Task details >> Starting from the line that holds "Mainz – Vorschaubild 2", output exactly each line through the end of the listing. Do not copy pictures.
----------
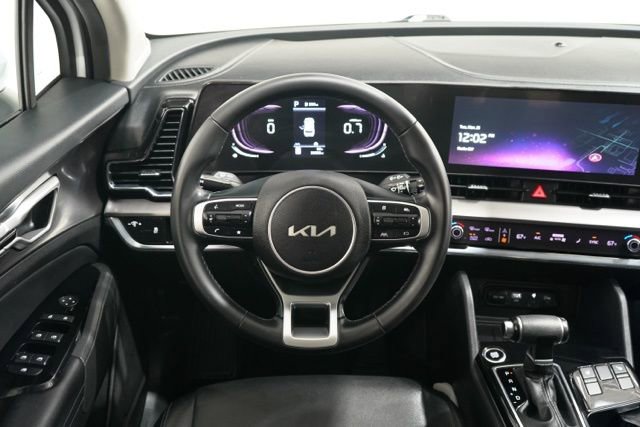 Used 2023 Kia Sportage EX image 13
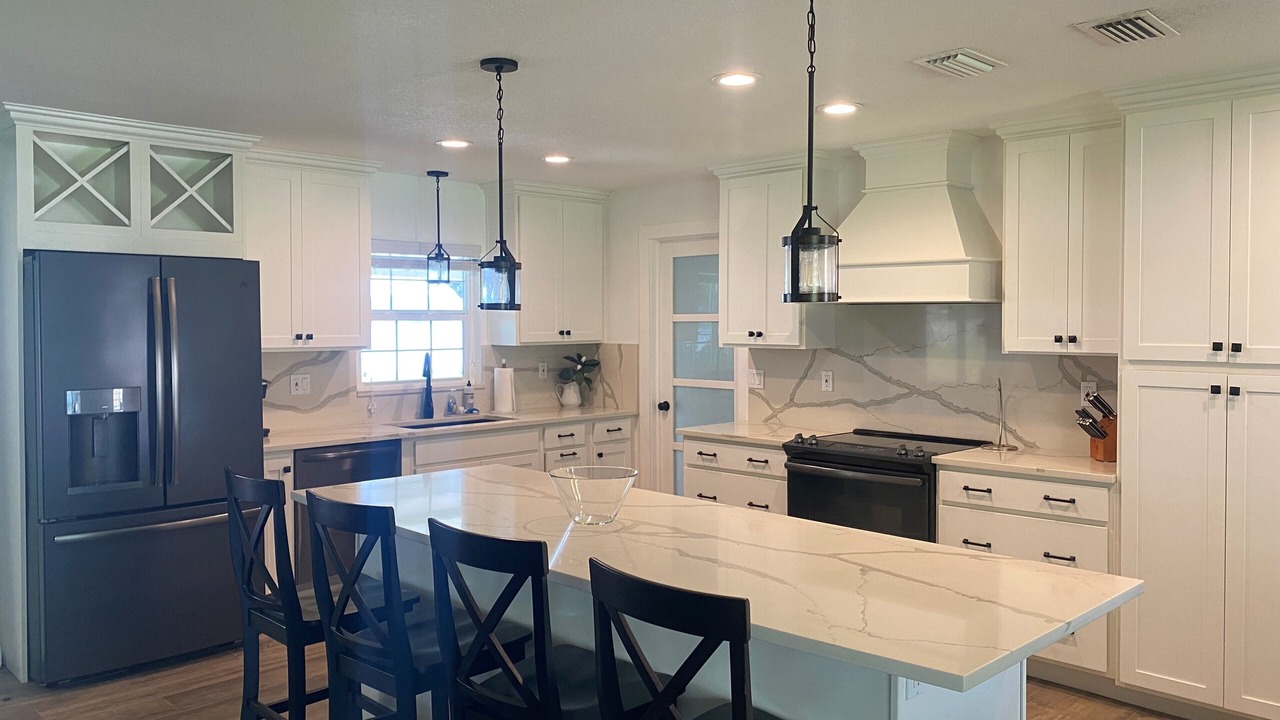 Photo of Kitchen in Winter Haven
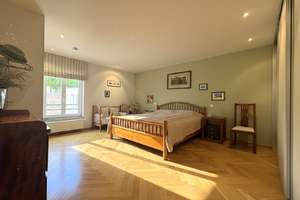 Großzügige und luxuriöse Traumwohnung mit Aufzug in begehrter Wohnlage der Mainzer
Altstadt  – Die vollständige Adresse der Immobilie erhältst du vom Anbieter., 55116 Altstadt, Mainz – Vorschaubild 2
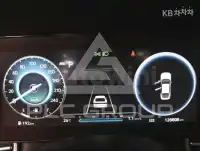 2021 Hyundai Avante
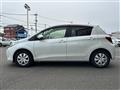 2016 Toyota Vitz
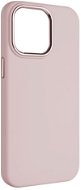 FIXED MagFlow Apple iPhone 15 Pro rózsaszín MagSafe tok - Telefon tok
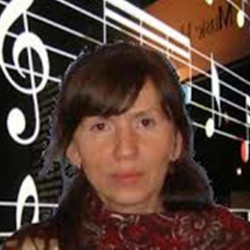 Светлана Ткаленко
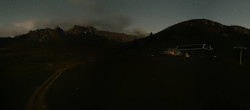 Archived image Webcam Goldknopf - Alpe di Siusi 01:00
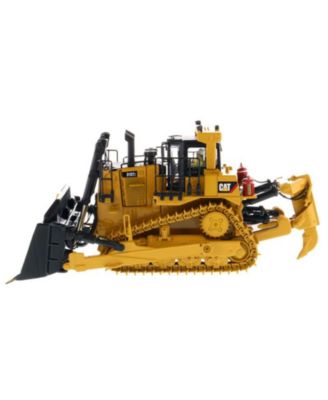 1/50 Caterpillar D10T2 Track-Type Tractor Dozer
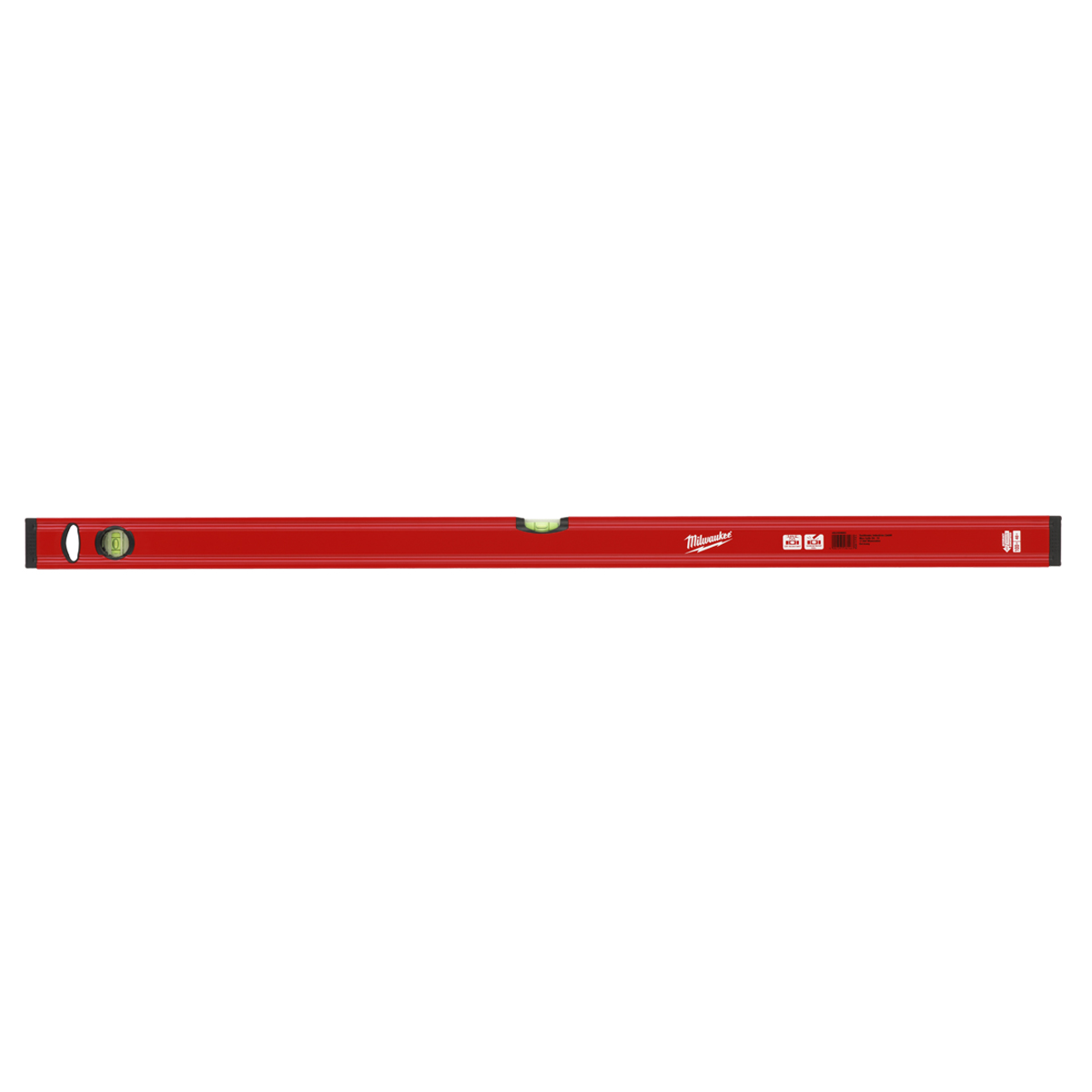 REDSTICK™ ΑΛΦΑΔΙ ΜΕ ΛΕΠΤΟ ΠΡΟΦΙΛ ΑΠΛΟ 100cm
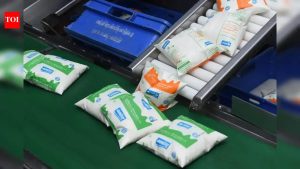 Indian Dairy Machinery and Packaging Suppliers Gain Russian Market Corridor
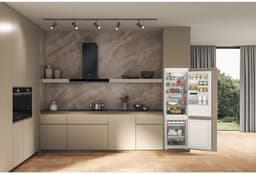 Whirlpool WHC18D011C1 SF Ingebouwd 268 l Wit — thumbnail 3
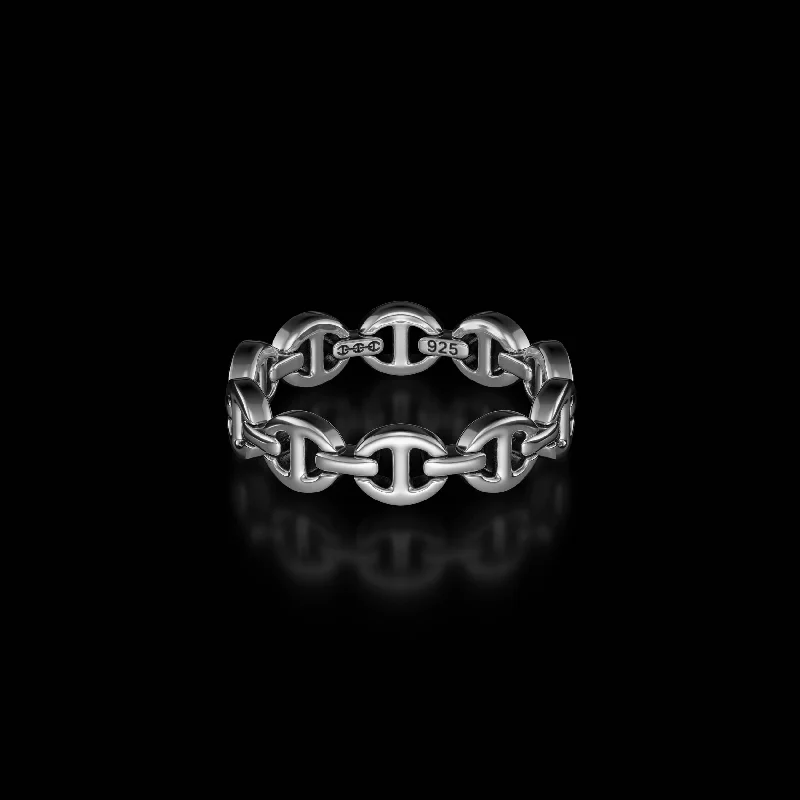 Luxury Jewelry At Unbeatable Discounts MICRO DAME TRI-LINK III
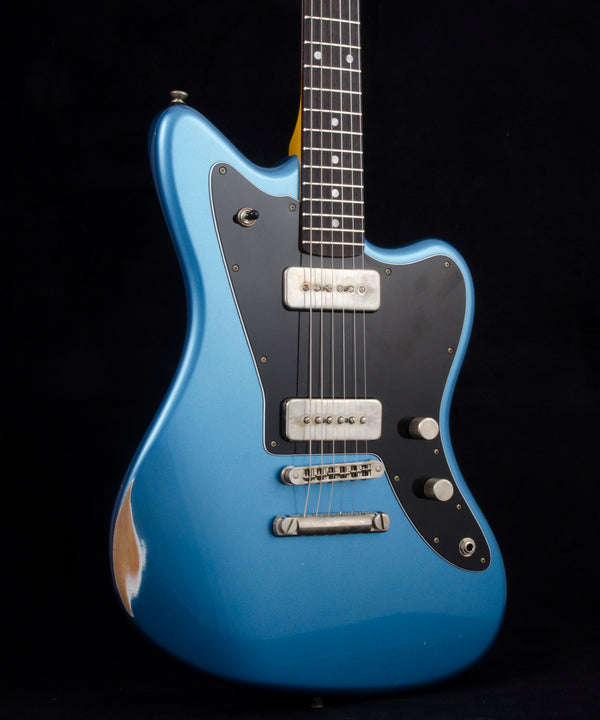 Fano JM6 Standard - Lake Placid Blue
----------
Output of the exercise >>
Altstadt  – Die vollständige Adresse der Immobilie erhältst du vom Anbieter., 55116 Altstadt, Mainz – Vorschaubild 2
 2021 Hyundai Avante
 2016 Toyota Vitz
 FIXED MagFlow Apple iPhone 15 Pro rózsaszín MagSafe tok - Telefon tok
 Светлана Ткаленко
 Archived image Webcam Goldknopf - Alpe di Siusi 01:00
 1/50 Caterpillar D10T2 Track-Type Tractor Dozer
 REDSTICK™ ΑΛΦΑΔΙ ΜΕ ΛΕΠΤΟ ΠΡΟΦΙΛ ΑΠΛΟ 100cm
 Indian Dairy Machinery and Packaging Suppliers Gain Russian Market Corridor
 Whirlpool WHC18D011C1 SF Ingebouwd 268 l Wit — thumbnail 3
 Luxury Jewelry At Unbeatable Discounts MICRO DAME TRI-LINK III
 Fano JM6 Standard - Lake Placid Blue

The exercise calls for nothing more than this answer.